Perseverance and attention to social connections, health, and finances will give people the best chance to thrive as they age, according to a new report titled “Longevity Fitness: Financial and Health Dimensions Across the Life Course.” It also says that policymakers, employers, and individuals can take actions now to give people the best chance of maintaining their longevity fitness as older adults.
The publication was developed by The Gerontological Society of America (GSA) and supported by Bank of America. It uses the term longevity fitness to describe how people can thrive, not just survive, through social, health, and wealth equity.
It further sheds light on a growing body of literature showing that people can make the most of opportunities that come their way by taking three steps: cultivating social relationships with friends and close relatives, maintaining one’s health through prevention and lifestyle, and building wealth by living within one’s means and saving for the future.

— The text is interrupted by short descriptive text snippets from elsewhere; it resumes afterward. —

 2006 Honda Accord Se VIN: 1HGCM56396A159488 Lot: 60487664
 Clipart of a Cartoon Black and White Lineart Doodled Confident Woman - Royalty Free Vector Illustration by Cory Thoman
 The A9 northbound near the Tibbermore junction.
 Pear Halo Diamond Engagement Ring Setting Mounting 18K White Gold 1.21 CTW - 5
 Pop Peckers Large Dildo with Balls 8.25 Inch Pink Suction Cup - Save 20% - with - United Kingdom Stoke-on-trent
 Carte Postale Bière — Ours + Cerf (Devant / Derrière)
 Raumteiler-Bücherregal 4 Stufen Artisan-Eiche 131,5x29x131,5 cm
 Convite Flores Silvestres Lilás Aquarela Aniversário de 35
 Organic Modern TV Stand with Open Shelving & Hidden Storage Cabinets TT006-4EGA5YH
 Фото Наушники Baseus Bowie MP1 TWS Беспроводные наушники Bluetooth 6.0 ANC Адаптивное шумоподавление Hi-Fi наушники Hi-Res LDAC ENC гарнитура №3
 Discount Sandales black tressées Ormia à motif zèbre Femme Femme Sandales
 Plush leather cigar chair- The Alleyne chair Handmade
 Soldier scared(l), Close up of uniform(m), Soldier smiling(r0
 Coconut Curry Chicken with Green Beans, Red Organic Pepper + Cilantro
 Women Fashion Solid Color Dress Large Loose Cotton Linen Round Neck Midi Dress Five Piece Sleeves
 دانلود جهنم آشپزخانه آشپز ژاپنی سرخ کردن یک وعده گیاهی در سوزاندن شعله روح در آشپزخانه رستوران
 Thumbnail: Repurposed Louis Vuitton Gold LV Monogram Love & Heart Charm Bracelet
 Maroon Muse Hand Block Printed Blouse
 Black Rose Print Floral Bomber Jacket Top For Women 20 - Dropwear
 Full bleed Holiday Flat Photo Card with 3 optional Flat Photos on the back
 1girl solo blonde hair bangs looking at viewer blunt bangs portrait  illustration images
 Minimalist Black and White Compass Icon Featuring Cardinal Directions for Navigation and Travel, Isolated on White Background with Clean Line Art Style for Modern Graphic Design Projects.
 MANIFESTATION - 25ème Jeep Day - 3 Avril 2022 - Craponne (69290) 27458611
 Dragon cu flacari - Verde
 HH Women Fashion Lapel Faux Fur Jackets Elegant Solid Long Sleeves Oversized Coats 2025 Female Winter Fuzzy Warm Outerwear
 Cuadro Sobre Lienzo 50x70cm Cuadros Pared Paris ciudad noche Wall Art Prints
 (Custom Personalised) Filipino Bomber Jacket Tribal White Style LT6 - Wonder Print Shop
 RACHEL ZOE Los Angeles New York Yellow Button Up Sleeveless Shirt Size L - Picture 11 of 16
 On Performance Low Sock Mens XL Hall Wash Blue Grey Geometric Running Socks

“This report translates the science of so many GSA members and describes the many challenges and opportunities across the life course in maximizing our financial and health fitness,” said Peter Lichtenberg, Ph.D., ABPP, FGSA, of Wayne State University, who chaired the advisory board that oversaw content development for the new publication.
Research and innovations addressing the three steps are examined through vignettes about four generations of a fictional family—Mary, Robert, Judy, and Bob—whose respective stories illustrate the challenges of thriving at 85, 65, 45, and 25 years of age. Mary’s story of overlapping pressures that occur as people age into their 80s and 90s is presented first, followed by Robert’s need for social ties as he retires, Judy as her children leave home and she focuses on the health challenges of midlife, and Bob as he ponders the financial aspects of life as a millennial.